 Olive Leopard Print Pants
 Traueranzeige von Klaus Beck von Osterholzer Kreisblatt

^^^^^^^^^^^^^^^^

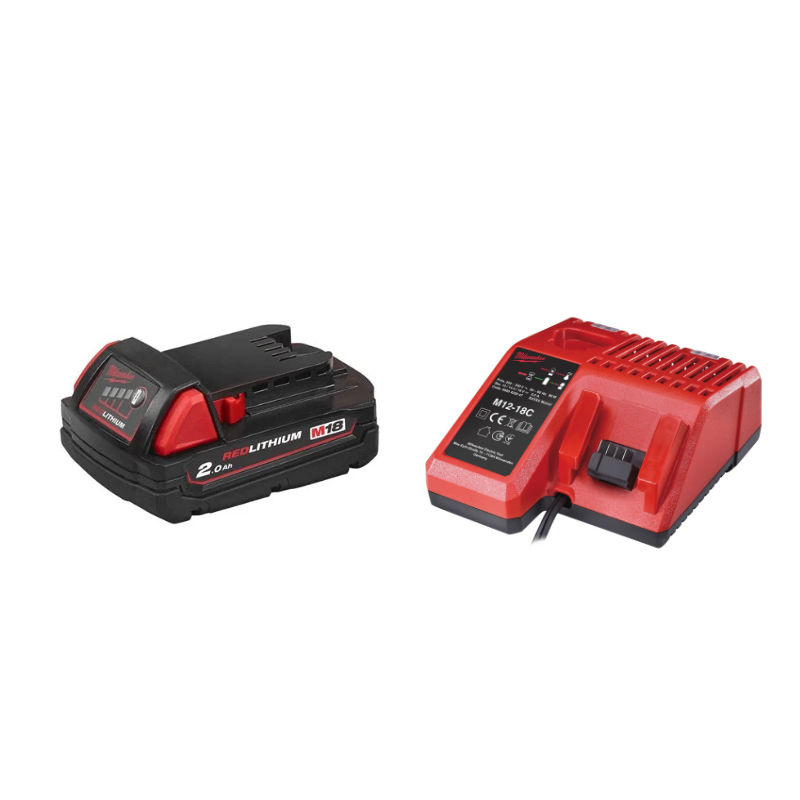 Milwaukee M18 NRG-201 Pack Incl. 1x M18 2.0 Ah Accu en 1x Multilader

^^^^^^^^^^^^^^^^

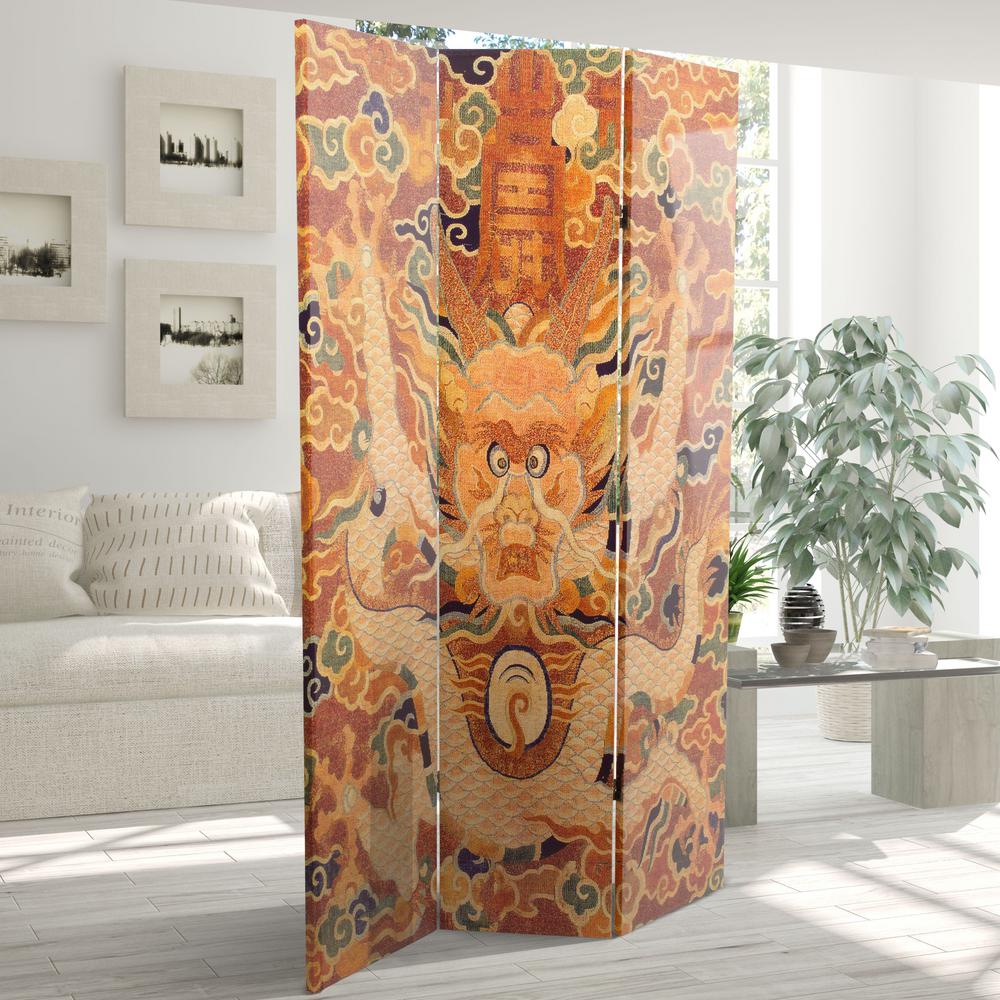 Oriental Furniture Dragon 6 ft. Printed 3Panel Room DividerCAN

^^^^^^^^^^^^^^^^

Your task — Copy out the range of lines above starting at the line with "Olive Leopard Print Pants" and ending at the line with "Traueranzeige von Klaus", exactly and including both.

Response —
 Olive Leopard Print Pants
 Traueranzeige von Klaus Beck von Osterholzer Kreisblatt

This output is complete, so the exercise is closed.